University of Idaho Associate Athletic Director Pete Isakson said they looked into the details of bringing the program indoors and discovered the Kibbie Dome had what it took to become the first ever women’s indoor soccer venue.
“To our research this is the first women’s soccer game ever to be played indoors at the NCAA level and because of that we wanted to go big and do it up right and set records,” Isakson said.
Idaho will aim to get 5,000 fans in the Dome to cheer on the Vandals against Boise State in the inaugural game, a record attendance.
“Our record crowd is a little over 1,000 so that is five times larger than the greatest crowd we have ever had,” Isakson said. “We will certainly do everything we can to get there, and whatever we do is going to be great and definitely push the program forward.”
But Isakson said it is much more than just another match.
“All parts of campus have worked together to put this game on,” he said. “It’s been really neat to see the entire campus community come together for one common goal.”
University of Idaho head coach Derek Pittman said he shares the same belief in the importance of the game for both the University, athletic department, and the athletes.
“I think it is an exciting opportunity for our students, faculty, community members to really get behind Vandal athletics and specifically continuing to support women’s soccer and the championship culture we have here,” Pittman said.
Isakson said the team working to pull the event together is hoping not only to see students in the crowd but members of the Moscow community as well.
“With the youth in this community and the youth programs, we just really encourage them to participate,” he said. “The new venue will also encourage more of the Moscow community to join in on the festivities.

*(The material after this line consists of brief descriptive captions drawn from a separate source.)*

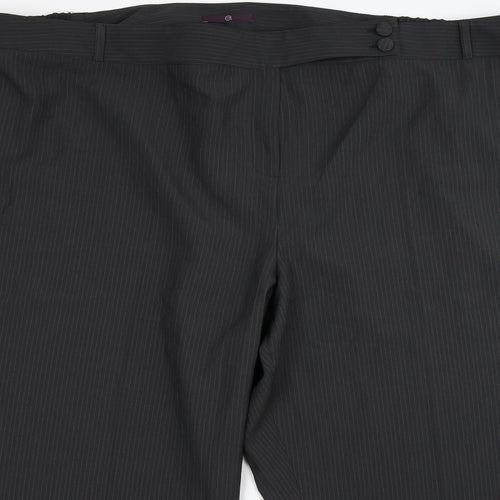 evie Womens Grey Striped  Trousers  Size 32 L25 in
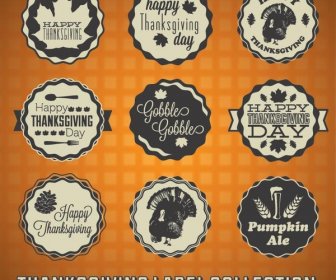 Kostenlose Vektor Schöne 9 Verschiedene Vintage Thanksgiving Etiketten Und Stempel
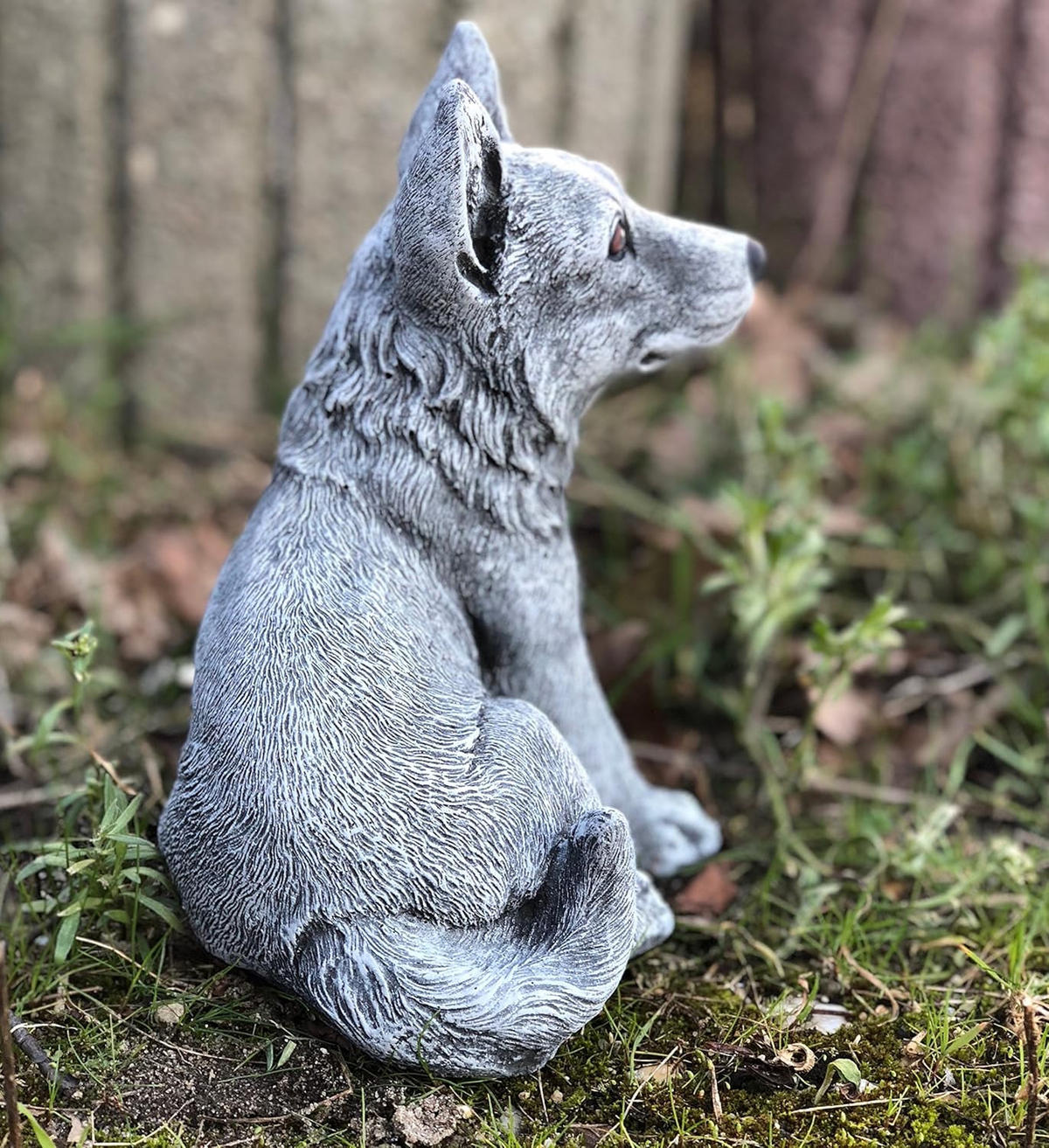 STEINFIGUR Schäferhund frostfest wetterfest massiver Steinguss - Grau, Stein (17/19/13cm) - stoneandstyle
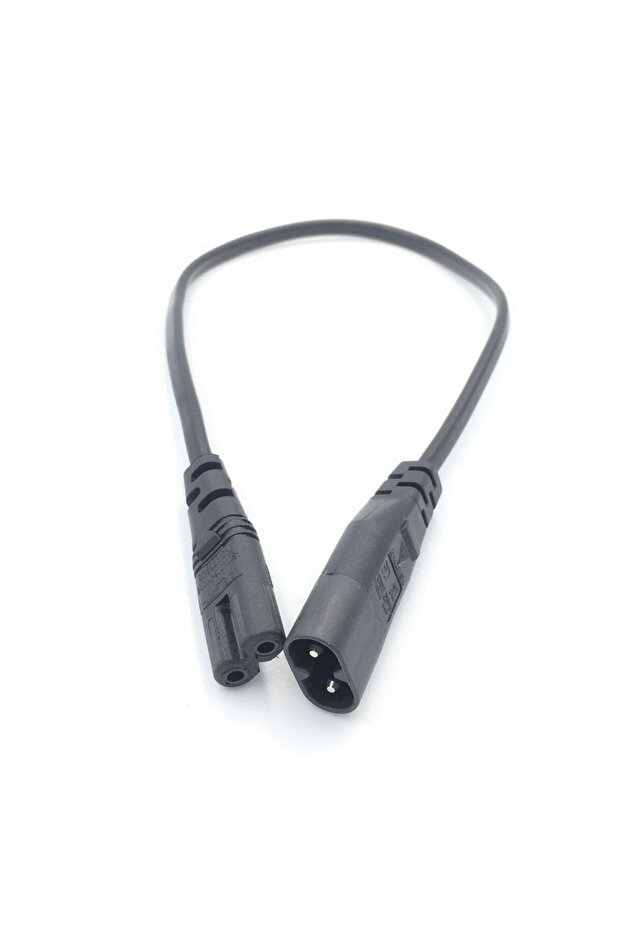 1 TO 1 1PC IEC 320 C8 2Pin Male to 2 x C7 Female Y Split Power Cable About 28CM IEC 320 C7 to C8 ext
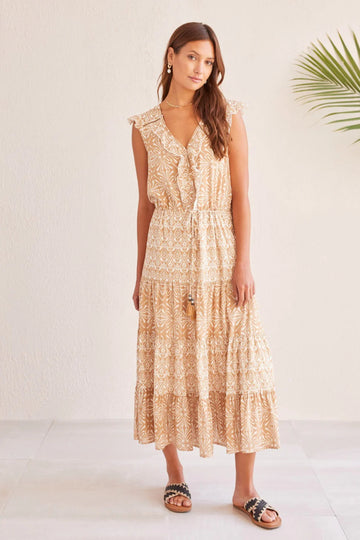 TR888o Lined Combo Print Dress - kc clothing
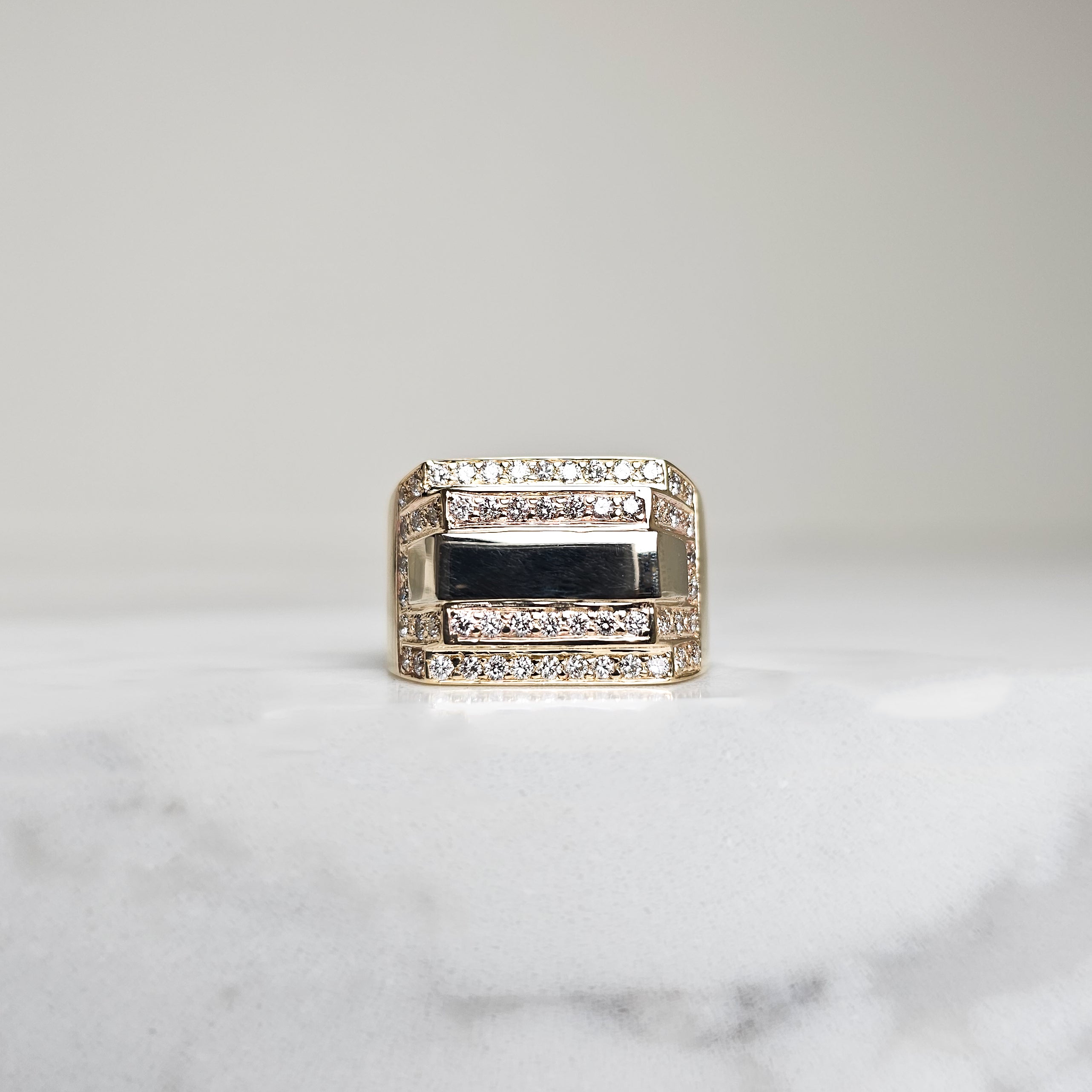 Tiered Diamond Signet Ring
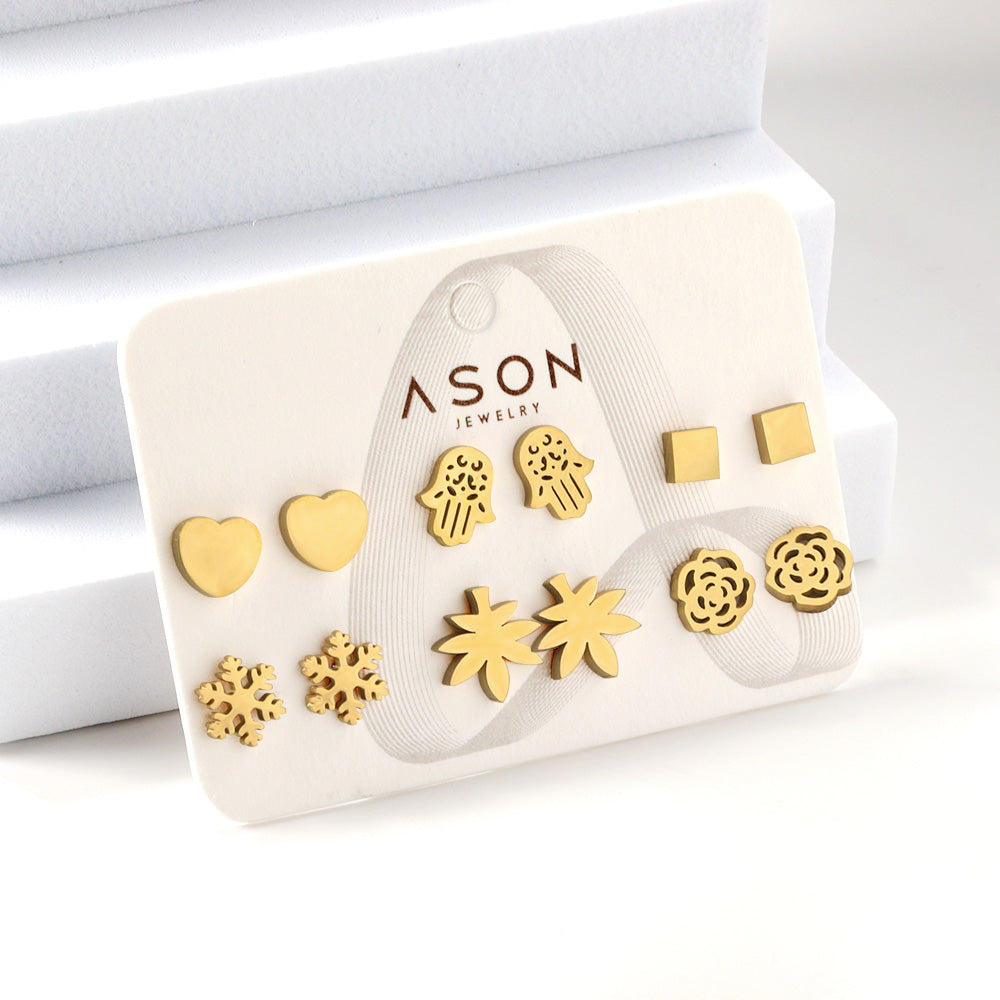 Six pairs of Mixed Card Cut Heart / Snowflake Stud Earrings gold color asonjewelry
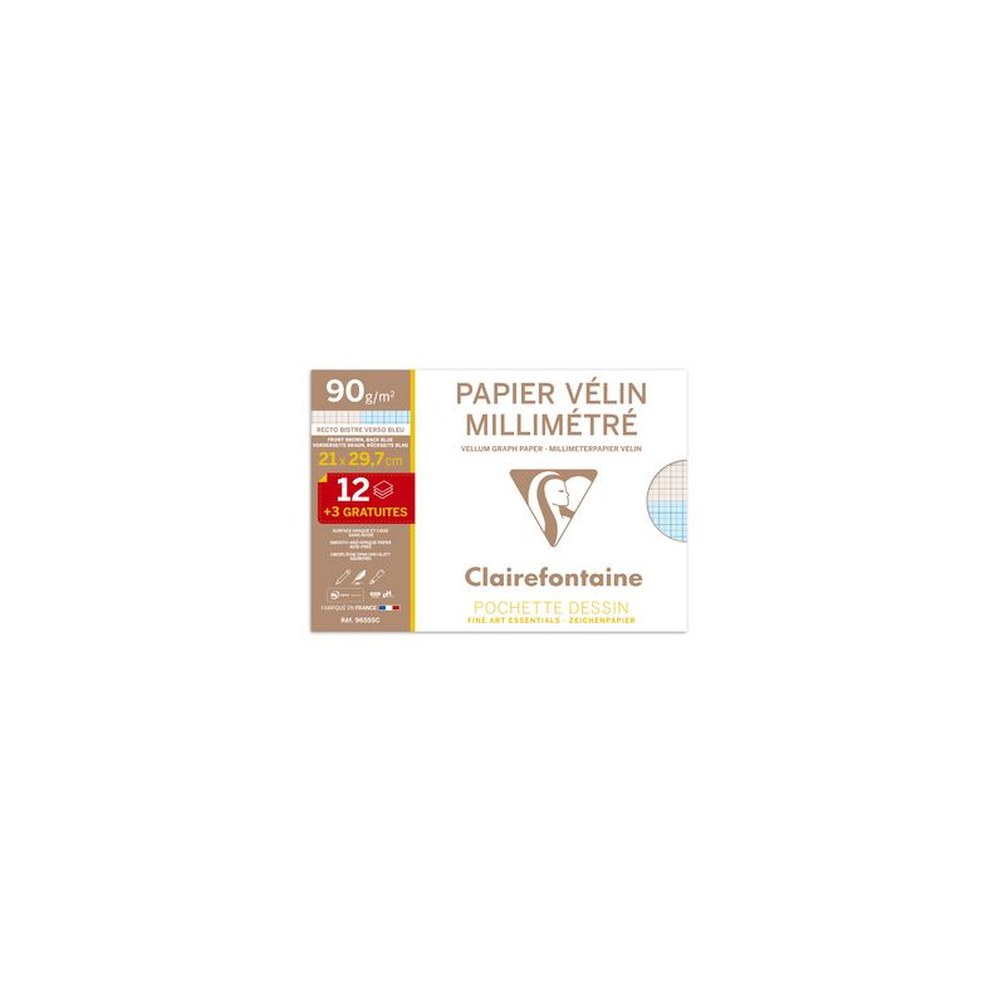 Clairefontaine Papier vélin millimétré, A4, pack promo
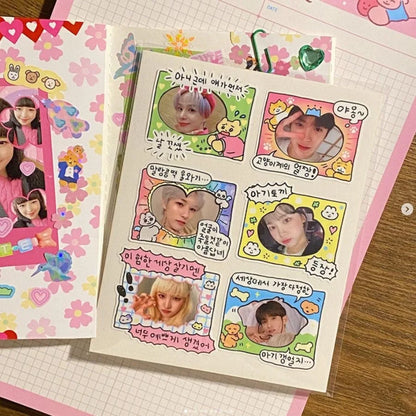 Korean Cute Kawaii Graffiti Style Photo Frame Stickers Girl Photo Star Card Photo Album Diary DIY Decorative Cartoon Stickers
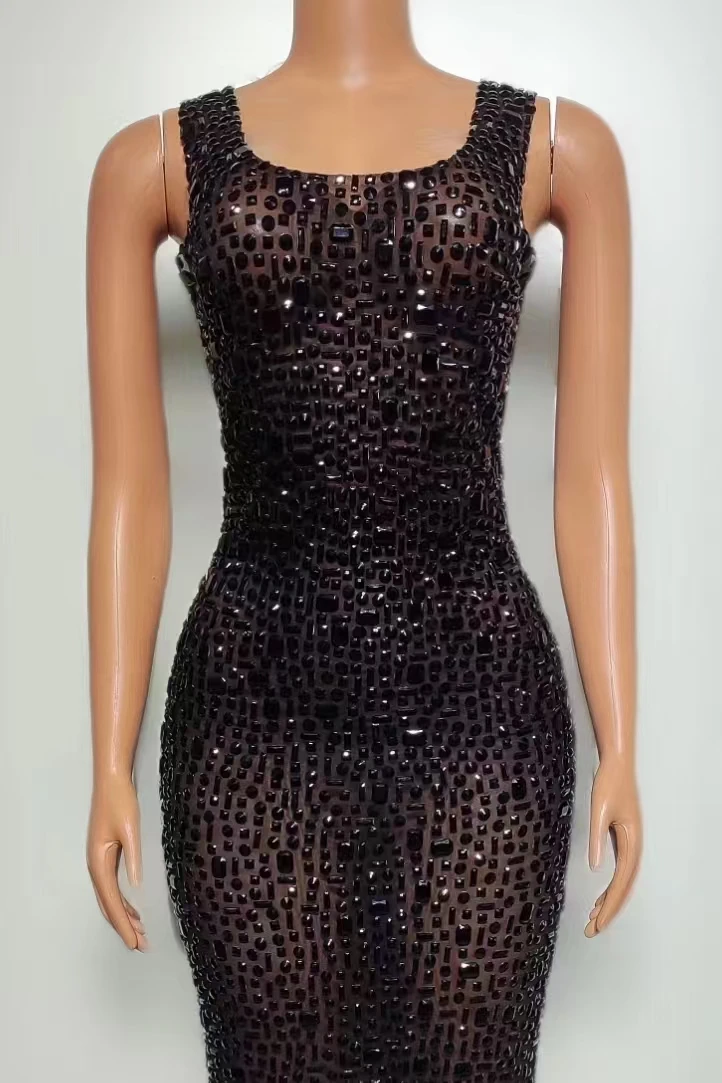 Sexy Stage Sparkly Rhinestones Sleeveless ShortDress Women Mesh See Through CelebrateEvening Prom Birthday Photoshoot Dress A380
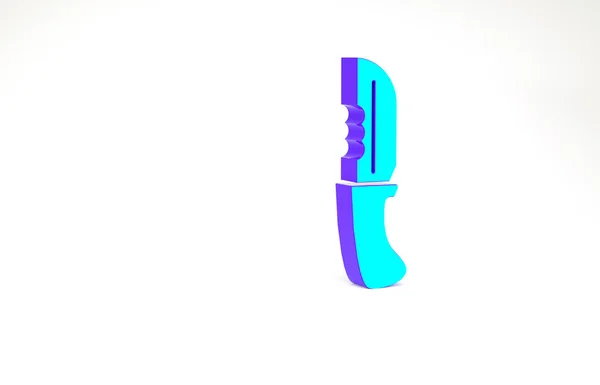 Tyrkysová ikona vojenského nože izolovaná na bílém pozadí. Minimalismus. 3D ilustrace 3D vykreslení — Stock fotografie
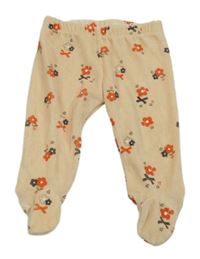 Béžové květované sametové polodupky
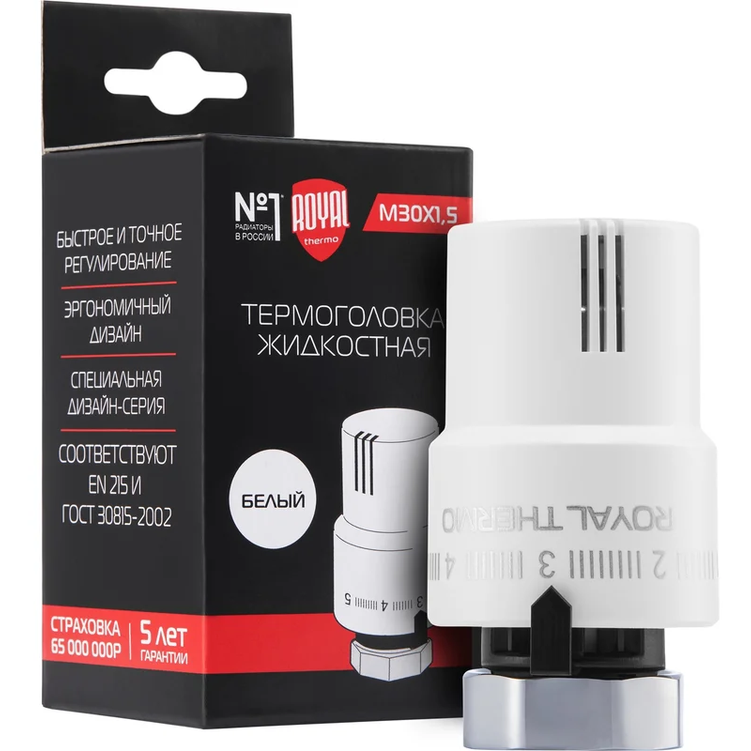 Royal Thermo Термоголовка жидкостная  М30х1,5 (белый) 
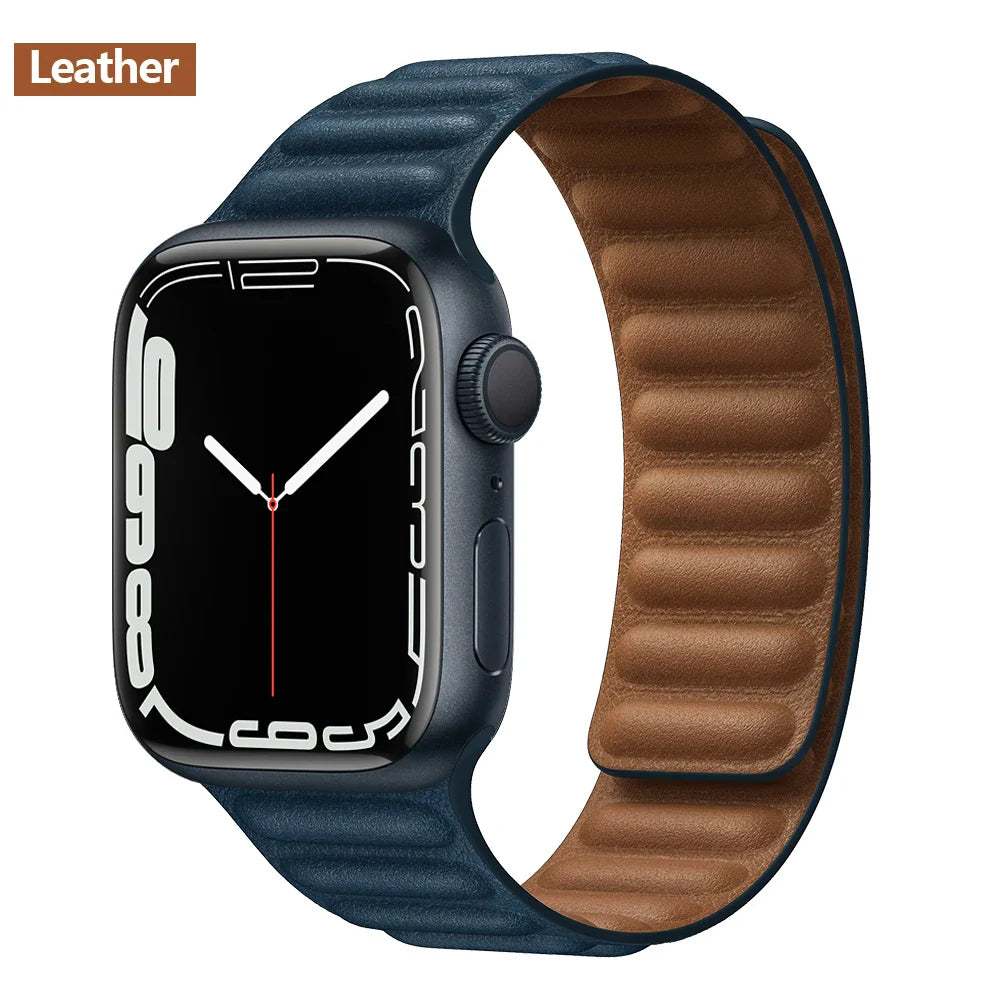 Apple Watch Leather Band - Premium Magnetic Loop Strap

We have lights, we can play night games, so those families and atmosphere can take place so we don’t need to play at two in the afternoon when school kids are still in school, or maybe students are still in class. We can play in the evening when students can come watch us play.”
Football fans are familiar with the Kibbie Dome’s amenities and now soccer fans will be too. With indoor soccer comes high tech amenities such as electronic scoreboards, replay video boards and the ability to stream the game to fans in Moscow and beyond, which Isakson said he hopes will help Idaho draw more fans to Vandal soccer.
“All of those sorts of things are enhanced by us playing in the Dome,” he said. “I do think that it gives us a unique atmosphere that obviously no one else in the nation will have. It’s ours, it’s unique to us, and that is something to build on and get excited about.”
The transformation is a step in the right direction for both the athletes and the students. Isakson said Idaho students deserve a good entertainment experience while the players deserve a good crowd of support.
“This soccer team has won two conference championships in a row, they deserve to have that opportunity,” Isakson said. “I would invite every one of our students to come out to the match and experience it. I think you will like what you see.”
With high hopes for a big opening game to kick off the 2017 season, President Staben said he has even higher hopes for games down the road. Although the 2017 attendance goal for the opening game has been set at 5,000 fans, Staben said that wasn’t the original plan.
“My original goal was to set a record for soccer attendance at an NCAA game,” he said. ‘I believe that would be 10,193. I would much rather have 10,193 students, or people, attend this game than 5,000. Maybe next season we would get to 10,000.”